- Source data
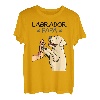 Herren Labrador Papa Hunde Herrchen Vatertag Männer T-Shirt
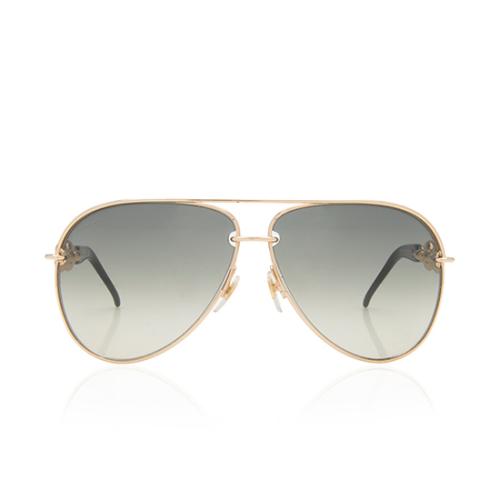 Gucci Marina Chain Aviator Sunglasses - FINAL SALE
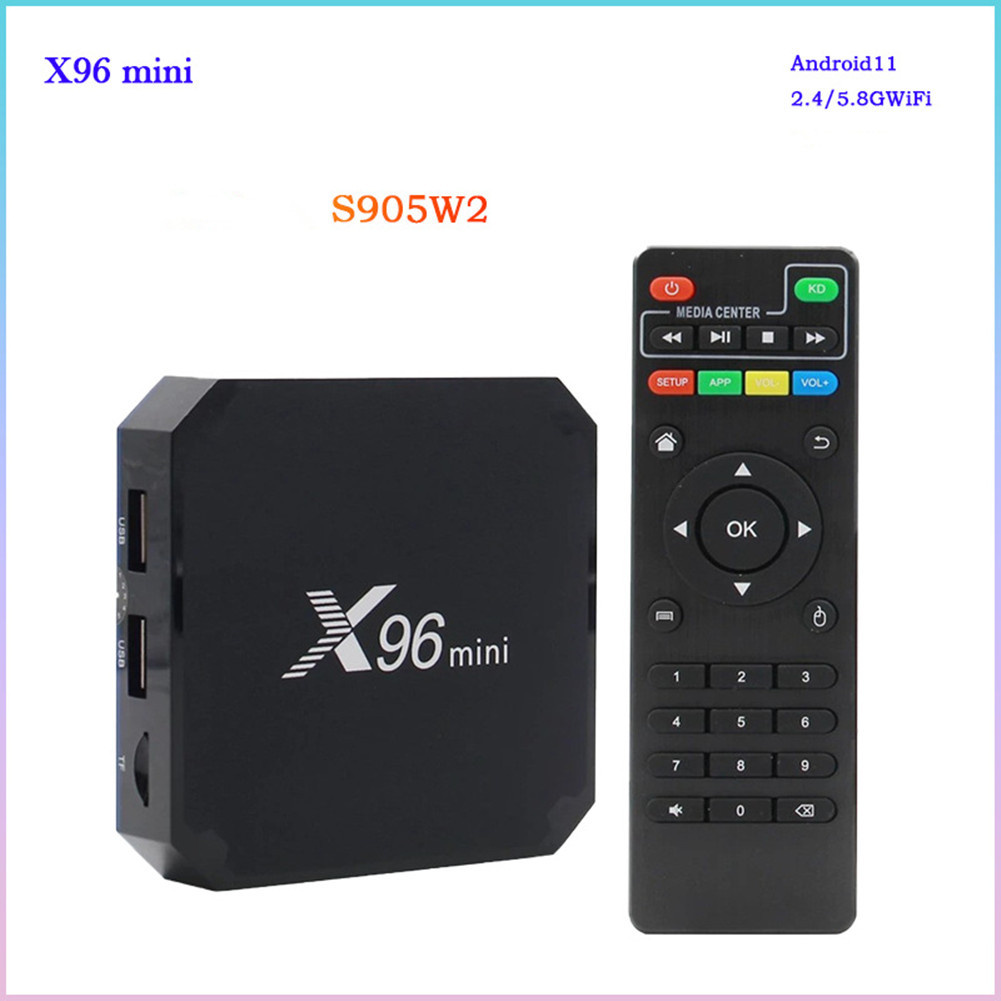 -Amlogic S905W クアッドコア ARM Cortex-A53; GPU: Mali-450 ペンタコア、最大 750MHz+ (DVFS)。 -メモリ: DDR3 1GB/2GB、メモリ:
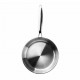 Ibili Sarten Triply Natural Stainless Steel 18 cm. 652918
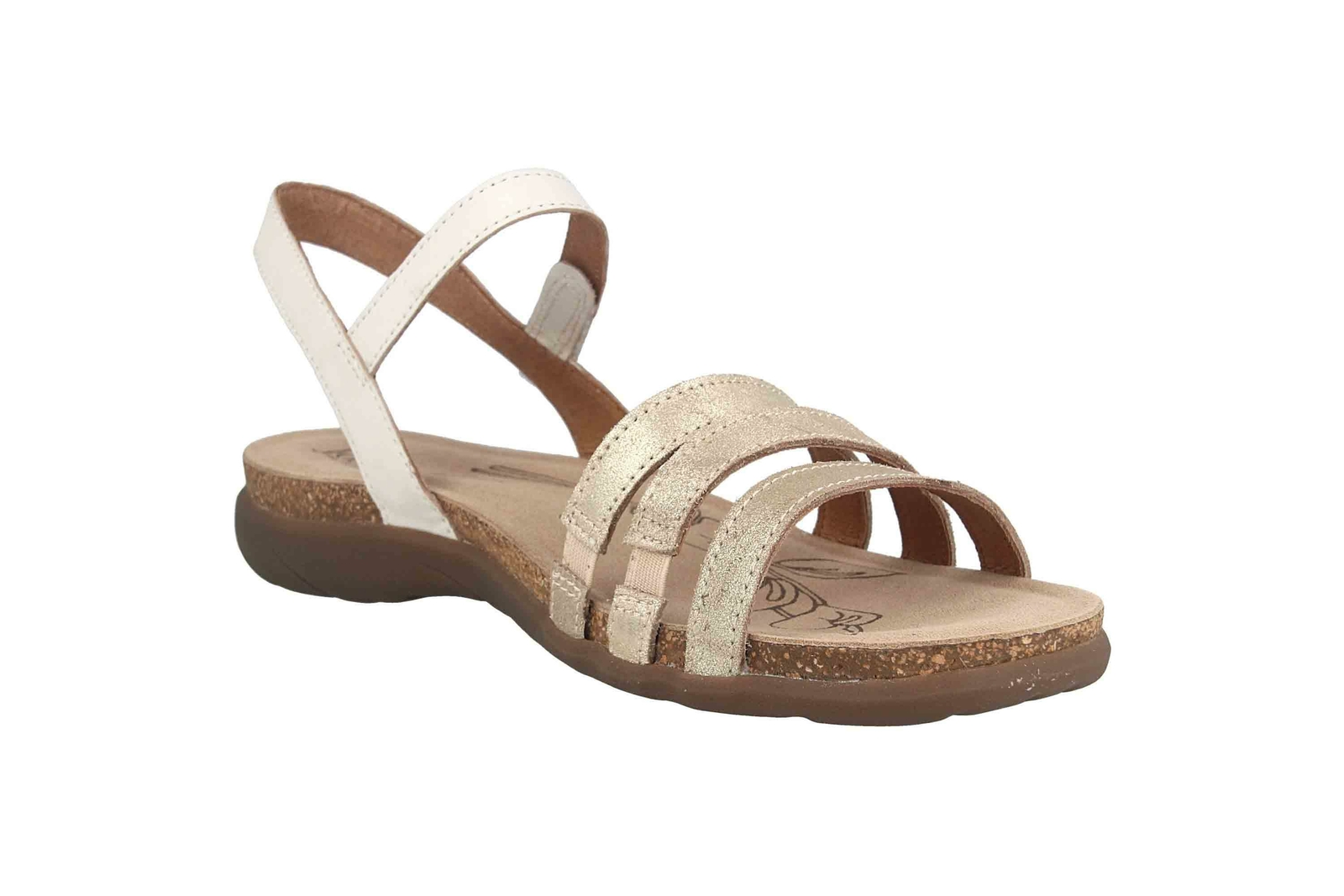 JOSEF SEIBEL JOSEF SEIBEL SANDALEN RILEY 01 DAMENSCHUHE ÜBERGRÖSSEN WEISS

- Activity
Set down the records again exactly as they appear, leaving each picture behind.

- Answer
 Herren Labrador Papa Hunde Herrchen Vatertag Männer T-Shirt
 Gucci Marina Chain Aviator Sunglasses - FINAL SALE
 -Amlogic S905W クアッドコア ARM Cortex-A53; GPU: Mali-450 ペンタコア、最大 750MHz+ (DVFS)。 -メモリ: DDR3 1GB/2GB、メモリ:
 Ibili Sarten Triply Natural Stainless Steel 18 cm. 652918
 JOSEF SEIBEL JOSEF SEIBEL SANDALEN RILEY 01 DAMENSCHUHE ÜBERGRÖSSEN WEISS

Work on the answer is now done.